Anonymous, your numbers are wrong. Remember that the bug is on a band that is stretching, so it gains some speed from the band. The 0.001 cm/sec is the speed relative to the band. So if the bug gets to the end, it would be travelling at 100.001 cm/sec (big hint there, I think).
I'm not sure if the bug's starting point is crucial to the success/fail result. My intuition isn't that good.
Well you know Chris since your smarter than all of us why you just figure out the problem by yourself. After all it well help you suceed in life.
Wow, lets have a huge debate about a bug going across a rubber band. Chris knows all so lets listen to his theoretical genius work.
By the way the bug would not make it.
hooray for the previous "anonymous". Having only just discovered these puzzles, I noticed that Chris either has his comment removed or is furnishing us with an arrogant " I know everything" answer. I also noticed that since he has been more active, Ragnot has been quiet.
Chris, please stick to answering the puzzles and dont comment on other people's failings.
GET A LIFE!!
ps.

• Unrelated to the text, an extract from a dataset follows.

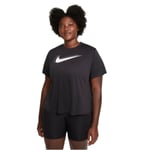 Nike Dri-Fit Swoosh Run T-shirt Dam Stl. S - Lätt och snabbtorkande löpartröja för optimal komfort under träning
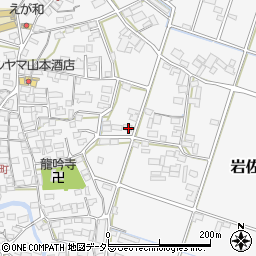 岐阜県山県市岩佐周辺の地図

I bet your single
Anonymous, please check my response to your post in the "proof that 1 = -1". It is not rude or silly.
I don't know why you visit this site, you don't seem to have noticed that it is for people who enjoy solving problems like these. No one here gives a rats about the bug, what we enjoy is solving problems.
New anonymous. All the removed comments were removed by me - notice it says "This comment has been removed ny the author" and not by an administrator.
I have never said "I know everything", please point at a single post of mine that implies any such claim.
If you check, I usually don't simply knock someone for the heck of it. Quite the reverse in fact, I try to help them. But I have been a bit silly a couple of times.
I think that most of my contributions are about answering the problems.
Why don't you live by the rules that you wish me to live by. Why do you think I'm single? Why do you suggest that I get a life? What's that got to do with the bug on a band? It's just childish name calling.
If the site administrator's think I'm crossing a line, then I'll abide by their wishes.
Personally I thought that Ragknot and I were geting along quite nicely.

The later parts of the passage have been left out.